Q. Do we really have to give 10% of our income to charity?
A. Wealth is a privilege given by God and an opportunity to do something for the community. The Torah says, “If there be among you a poor man, one of your brothers, in any of your gates… you shall not harden your heart or withdraw your hand from your poor brother” (Deut. 15:4-8).
The priorities are set out in the Sifre to this passage: “‘A poor person’ – the one most needy takes precedence. ‘In any of your gates’ – the poor of your city take precedence over the poor of another city.” In other words, help should go to the most urgent cases; charity should start (but not finish) with your own community.
How should the funds be given? Preferably anonymously; the Temple had a lishkat chasha’im, a “chamber of the silent,” where someone in need could go quietly and take what they needed without donor or recipient being aware of each other’s identity. Maimonides, in his Eight Degrees of Charity (Hilchot Mat’not Aniyim 10:7-14), adds that even better than giving in time of need is to create the conditions for people to become self-reliant.

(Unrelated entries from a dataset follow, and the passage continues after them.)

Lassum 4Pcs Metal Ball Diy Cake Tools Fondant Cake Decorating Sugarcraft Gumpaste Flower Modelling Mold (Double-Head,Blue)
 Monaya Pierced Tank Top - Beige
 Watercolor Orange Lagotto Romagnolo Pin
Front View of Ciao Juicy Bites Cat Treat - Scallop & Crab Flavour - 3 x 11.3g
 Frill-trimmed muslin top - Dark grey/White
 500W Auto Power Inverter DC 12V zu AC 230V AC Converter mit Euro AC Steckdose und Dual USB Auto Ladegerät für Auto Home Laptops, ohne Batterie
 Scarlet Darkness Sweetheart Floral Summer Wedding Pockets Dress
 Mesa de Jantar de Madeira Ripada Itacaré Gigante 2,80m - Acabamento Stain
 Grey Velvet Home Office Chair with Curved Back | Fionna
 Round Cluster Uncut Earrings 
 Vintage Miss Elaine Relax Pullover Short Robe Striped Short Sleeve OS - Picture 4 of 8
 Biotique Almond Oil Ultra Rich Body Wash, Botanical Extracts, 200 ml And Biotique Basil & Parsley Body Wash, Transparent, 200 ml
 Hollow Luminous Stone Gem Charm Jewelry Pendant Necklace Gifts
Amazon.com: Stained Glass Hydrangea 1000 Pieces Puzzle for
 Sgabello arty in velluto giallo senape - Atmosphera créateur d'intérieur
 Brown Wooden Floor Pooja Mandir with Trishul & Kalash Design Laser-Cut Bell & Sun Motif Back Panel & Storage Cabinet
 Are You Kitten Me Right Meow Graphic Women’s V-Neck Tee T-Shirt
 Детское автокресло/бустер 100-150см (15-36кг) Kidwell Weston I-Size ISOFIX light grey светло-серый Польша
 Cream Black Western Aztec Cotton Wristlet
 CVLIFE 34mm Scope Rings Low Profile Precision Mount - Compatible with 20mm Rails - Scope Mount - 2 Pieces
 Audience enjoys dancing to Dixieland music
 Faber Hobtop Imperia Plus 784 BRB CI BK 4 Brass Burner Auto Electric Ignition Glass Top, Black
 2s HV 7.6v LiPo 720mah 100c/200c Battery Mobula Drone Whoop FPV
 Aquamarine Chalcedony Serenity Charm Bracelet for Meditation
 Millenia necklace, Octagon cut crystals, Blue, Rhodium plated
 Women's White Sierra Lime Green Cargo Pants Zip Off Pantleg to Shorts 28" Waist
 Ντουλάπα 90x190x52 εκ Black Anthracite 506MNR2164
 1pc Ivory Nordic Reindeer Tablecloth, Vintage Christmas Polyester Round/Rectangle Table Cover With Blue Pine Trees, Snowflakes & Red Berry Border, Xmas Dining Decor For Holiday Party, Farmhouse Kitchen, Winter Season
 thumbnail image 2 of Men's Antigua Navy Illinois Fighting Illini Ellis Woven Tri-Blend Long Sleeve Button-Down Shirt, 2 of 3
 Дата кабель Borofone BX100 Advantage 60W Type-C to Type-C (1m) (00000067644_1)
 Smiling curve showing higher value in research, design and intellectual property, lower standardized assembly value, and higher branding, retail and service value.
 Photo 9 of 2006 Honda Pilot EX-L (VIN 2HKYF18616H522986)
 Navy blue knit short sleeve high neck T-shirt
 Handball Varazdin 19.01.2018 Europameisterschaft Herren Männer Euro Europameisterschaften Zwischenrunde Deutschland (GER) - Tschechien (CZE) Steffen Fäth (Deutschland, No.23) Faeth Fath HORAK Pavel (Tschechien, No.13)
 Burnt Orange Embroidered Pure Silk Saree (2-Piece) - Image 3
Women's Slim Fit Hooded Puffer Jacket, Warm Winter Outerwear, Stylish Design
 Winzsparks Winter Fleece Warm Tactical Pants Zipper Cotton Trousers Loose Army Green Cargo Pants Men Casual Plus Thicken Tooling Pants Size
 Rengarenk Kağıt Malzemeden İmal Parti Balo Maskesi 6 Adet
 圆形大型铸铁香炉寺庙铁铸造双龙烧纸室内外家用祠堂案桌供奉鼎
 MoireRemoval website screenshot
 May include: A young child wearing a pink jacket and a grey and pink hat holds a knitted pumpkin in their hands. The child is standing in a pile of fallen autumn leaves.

How much should be given? As much as you can afford, but not so much as to impoverish yourself and render you in turn dependent upon others. The best way is to give one-fifth; less than one-tenth is ungenerous. Whatever is given it should be willingly and cheerfully, and if you encourage others to give also, the spiritual reward is all the greater (Shulchan Aruch, Yoreh De’ah 247-259).
It is said in the Talmud, “Every charity and deed of kindness makes peace and intercedes between Israel and their Father in Heaven” (Bava Batra 10a). Charity also makes peace between the poor man and his Father in Heaven, because the poor man may be annoyed with God by reason of his lot.
Maimonides teaches in his Eight Rungs of Charity that the greatest tz’dakah is to see that a person never reaches the point of needing help.
Charity, from a root which means “love”, is a loving, respectful, tolerant attitude to every other human being. Charity is an approach, not just an action. And if you want God’s blessing, first you must be a blessing to God’s other creatures.